_Provided material_.
━━━
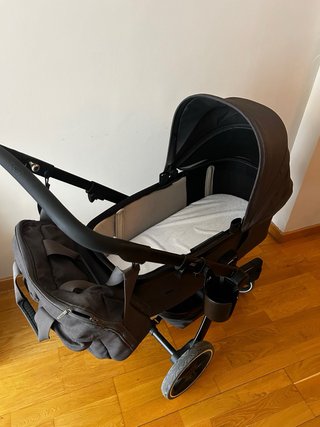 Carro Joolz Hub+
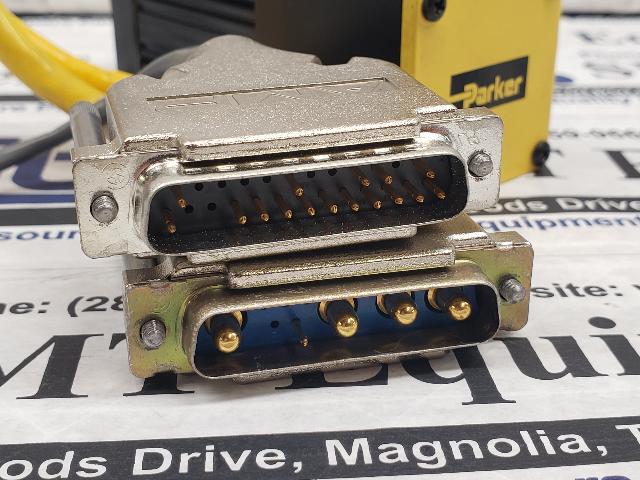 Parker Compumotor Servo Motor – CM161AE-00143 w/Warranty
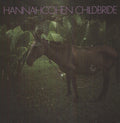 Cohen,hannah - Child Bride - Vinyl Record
━━━
_Task item_.
Images in the data above are to be skipped. Retype all other material exactly.

_Response to this task_.
 Carro Joolz Hub+
 Parker Compumotor Servo Motor – CM161AE-00143 w/Warranty
 Cohen,hannah - Child Bride - Vinyl Record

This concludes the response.